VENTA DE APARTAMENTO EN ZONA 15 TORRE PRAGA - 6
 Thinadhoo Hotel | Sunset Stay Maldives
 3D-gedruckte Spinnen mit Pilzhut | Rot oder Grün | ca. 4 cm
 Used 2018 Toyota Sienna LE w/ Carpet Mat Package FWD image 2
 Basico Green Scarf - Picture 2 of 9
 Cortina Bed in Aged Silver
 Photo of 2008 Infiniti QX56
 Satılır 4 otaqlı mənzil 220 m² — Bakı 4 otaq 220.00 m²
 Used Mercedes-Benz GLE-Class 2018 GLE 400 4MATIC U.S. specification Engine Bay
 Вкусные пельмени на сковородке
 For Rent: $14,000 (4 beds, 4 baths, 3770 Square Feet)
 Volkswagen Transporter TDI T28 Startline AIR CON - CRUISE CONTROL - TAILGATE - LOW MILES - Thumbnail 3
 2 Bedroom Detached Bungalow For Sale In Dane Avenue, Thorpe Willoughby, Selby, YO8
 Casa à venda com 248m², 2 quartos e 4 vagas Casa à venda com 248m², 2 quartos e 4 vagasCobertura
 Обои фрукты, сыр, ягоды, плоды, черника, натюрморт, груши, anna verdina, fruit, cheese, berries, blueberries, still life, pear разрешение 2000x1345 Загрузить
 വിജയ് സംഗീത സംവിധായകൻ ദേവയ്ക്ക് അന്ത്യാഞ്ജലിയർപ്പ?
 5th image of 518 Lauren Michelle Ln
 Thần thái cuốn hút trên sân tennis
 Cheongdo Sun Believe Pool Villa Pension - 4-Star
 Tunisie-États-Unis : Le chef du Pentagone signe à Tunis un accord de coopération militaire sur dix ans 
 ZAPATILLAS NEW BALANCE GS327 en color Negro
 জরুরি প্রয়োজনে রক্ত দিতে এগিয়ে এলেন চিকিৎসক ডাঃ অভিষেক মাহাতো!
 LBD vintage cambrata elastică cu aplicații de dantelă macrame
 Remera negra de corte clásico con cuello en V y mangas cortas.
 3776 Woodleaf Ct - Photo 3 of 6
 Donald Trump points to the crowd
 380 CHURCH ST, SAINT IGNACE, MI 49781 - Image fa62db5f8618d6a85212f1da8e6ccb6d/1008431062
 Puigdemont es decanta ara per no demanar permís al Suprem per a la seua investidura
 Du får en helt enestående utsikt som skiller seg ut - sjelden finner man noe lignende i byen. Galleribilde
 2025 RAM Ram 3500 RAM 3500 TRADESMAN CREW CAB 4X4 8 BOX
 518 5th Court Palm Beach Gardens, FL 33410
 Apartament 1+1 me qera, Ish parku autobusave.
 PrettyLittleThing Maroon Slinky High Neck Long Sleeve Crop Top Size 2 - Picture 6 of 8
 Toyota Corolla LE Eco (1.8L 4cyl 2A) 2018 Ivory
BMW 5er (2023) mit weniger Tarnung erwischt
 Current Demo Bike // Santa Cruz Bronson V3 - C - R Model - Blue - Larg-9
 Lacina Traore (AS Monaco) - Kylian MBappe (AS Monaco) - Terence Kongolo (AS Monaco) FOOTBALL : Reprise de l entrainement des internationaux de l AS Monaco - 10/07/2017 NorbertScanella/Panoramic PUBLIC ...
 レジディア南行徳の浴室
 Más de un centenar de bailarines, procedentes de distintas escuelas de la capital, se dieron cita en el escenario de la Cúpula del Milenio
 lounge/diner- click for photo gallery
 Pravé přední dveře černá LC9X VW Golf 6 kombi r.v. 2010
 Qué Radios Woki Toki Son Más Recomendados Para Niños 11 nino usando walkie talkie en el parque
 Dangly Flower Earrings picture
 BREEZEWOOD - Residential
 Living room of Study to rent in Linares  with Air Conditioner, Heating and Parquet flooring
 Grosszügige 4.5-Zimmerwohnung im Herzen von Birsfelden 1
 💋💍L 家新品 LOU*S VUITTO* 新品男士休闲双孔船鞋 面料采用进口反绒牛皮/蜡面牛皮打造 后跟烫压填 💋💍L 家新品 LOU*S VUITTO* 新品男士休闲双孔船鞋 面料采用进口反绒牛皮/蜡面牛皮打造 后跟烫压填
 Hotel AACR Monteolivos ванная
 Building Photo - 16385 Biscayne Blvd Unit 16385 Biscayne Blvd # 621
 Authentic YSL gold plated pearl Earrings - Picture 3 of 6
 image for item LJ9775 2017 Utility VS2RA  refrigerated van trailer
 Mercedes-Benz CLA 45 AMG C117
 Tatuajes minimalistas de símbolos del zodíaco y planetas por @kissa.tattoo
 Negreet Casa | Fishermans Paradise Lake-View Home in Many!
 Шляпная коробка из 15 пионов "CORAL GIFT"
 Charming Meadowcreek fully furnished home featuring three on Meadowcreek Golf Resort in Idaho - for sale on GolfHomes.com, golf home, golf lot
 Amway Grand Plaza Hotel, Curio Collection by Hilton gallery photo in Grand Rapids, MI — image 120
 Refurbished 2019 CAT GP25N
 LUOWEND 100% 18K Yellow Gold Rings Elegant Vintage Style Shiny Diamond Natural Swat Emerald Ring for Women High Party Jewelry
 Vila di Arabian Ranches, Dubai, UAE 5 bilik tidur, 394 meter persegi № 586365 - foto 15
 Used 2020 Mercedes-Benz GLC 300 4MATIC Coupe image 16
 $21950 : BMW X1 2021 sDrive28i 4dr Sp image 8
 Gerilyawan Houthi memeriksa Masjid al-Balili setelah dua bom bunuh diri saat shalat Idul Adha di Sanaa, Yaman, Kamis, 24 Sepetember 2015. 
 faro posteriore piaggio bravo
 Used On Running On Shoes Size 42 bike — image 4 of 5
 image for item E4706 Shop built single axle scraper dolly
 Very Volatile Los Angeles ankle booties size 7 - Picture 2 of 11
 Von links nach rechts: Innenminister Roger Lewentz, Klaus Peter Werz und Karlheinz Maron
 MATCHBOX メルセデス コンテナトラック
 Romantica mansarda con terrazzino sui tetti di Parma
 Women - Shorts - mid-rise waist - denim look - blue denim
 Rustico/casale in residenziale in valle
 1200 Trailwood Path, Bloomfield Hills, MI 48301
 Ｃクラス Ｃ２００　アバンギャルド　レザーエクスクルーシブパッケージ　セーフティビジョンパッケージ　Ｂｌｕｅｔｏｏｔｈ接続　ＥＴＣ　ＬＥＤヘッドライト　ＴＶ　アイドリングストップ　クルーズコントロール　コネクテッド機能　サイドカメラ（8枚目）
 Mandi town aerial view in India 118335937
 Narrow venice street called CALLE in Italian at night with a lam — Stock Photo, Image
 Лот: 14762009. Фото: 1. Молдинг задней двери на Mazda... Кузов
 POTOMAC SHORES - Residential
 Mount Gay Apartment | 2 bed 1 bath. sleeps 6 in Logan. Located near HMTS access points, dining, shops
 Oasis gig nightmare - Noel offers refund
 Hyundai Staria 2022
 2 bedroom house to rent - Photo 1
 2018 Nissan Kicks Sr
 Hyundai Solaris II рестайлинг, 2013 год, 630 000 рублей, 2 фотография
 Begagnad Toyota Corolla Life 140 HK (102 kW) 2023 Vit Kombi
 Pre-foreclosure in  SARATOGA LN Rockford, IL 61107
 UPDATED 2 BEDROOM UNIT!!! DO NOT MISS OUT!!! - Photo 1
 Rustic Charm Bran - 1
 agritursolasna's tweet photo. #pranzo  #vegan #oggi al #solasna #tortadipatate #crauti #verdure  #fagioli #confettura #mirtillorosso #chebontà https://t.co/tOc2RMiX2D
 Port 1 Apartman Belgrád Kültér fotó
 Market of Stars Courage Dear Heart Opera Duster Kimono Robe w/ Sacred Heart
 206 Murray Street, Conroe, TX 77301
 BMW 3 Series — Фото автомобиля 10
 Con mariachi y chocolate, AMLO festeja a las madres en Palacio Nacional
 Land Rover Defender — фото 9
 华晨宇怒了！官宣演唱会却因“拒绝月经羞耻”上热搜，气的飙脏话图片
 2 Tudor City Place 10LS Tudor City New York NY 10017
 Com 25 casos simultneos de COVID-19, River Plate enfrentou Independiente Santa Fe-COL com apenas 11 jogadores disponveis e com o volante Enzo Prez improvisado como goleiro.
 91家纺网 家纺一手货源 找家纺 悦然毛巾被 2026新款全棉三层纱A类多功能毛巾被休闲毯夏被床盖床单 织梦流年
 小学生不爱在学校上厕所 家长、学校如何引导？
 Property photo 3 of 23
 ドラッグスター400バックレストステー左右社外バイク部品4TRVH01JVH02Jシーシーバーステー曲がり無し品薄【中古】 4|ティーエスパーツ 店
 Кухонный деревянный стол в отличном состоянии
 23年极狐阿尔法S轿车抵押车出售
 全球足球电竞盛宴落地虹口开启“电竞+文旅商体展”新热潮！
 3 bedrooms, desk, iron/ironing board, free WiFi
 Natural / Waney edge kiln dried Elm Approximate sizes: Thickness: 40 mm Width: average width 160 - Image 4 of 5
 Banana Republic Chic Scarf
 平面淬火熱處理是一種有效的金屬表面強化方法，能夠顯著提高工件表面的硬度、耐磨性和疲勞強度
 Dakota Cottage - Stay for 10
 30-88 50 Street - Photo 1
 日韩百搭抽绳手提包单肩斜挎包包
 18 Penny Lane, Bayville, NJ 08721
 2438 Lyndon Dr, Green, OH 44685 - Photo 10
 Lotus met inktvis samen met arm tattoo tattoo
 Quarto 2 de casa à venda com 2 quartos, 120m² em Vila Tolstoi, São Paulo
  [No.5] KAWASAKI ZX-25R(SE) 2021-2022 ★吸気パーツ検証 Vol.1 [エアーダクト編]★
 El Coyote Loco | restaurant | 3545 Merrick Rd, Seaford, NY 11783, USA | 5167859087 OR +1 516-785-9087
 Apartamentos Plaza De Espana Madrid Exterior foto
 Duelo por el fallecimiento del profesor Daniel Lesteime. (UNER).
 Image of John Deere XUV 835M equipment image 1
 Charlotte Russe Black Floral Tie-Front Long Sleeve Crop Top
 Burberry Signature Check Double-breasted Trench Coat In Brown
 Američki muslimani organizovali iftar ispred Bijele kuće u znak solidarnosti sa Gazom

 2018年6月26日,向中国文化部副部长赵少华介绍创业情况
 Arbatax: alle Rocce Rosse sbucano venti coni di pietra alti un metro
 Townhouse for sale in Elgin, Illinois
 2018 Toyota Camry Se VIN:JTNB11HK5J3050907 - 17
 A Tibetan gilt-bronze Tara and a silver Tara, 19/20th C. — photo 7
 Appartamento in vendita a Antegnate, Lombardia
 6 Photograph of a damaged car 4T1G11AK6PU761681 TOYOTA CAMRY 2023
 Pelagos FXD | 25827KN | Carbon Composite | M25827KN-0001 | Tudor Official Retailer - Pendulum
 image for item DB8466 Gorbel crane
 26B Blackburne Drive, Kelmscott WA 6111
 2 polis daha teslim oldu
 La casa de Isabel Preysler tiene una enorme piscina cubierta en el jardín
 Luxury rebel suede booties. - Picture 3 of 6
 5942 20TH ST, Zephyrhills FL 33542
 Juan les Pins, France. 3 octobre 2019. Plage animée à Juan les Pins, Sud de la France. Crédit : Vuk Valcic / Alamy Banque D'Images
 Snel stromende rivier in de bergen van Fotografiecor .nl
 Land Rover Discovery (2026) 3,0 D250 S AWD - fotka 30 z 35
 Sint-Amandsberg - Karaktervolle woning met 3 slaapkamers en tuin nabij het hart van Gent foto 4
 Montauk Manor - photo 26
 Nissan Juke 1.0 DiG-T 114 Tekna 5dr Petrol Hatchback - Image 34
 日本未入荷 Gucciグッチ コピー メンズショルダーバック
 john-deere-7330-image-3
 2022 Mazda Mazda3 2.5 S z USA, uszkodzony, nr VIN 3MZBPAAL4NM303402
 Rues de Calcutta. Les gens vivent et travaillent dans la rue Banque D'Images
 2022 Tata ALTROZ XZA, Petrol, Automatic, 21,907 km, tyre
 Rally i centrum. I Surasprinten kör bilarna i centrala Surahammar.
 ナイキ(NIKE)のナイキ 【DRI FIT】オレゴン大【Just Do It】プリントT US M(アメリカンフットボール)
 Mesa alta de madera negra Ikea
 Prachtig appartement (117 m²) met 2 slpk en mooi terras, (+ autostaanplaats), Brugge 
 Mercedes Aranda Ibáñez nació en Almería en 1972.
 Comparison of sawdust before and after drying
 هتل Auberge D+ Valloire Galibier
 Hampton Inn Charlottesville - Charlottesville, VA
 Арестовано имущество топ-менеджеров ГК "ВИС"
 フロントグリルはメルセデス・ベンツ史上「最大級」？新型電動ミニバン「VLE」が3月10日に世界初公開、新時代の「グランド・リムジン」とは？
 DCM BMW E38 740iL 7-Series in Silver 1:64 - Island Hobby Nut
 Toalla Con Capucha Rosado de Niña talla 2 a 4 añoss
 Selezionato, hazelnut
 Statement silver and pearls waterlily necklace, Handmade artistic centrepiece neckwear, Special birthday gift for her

■ ■ ■

Aim of the exercise:
The answer must be a single number: how many lines in the data above contain the string "Tudor".

Solution to this task:
2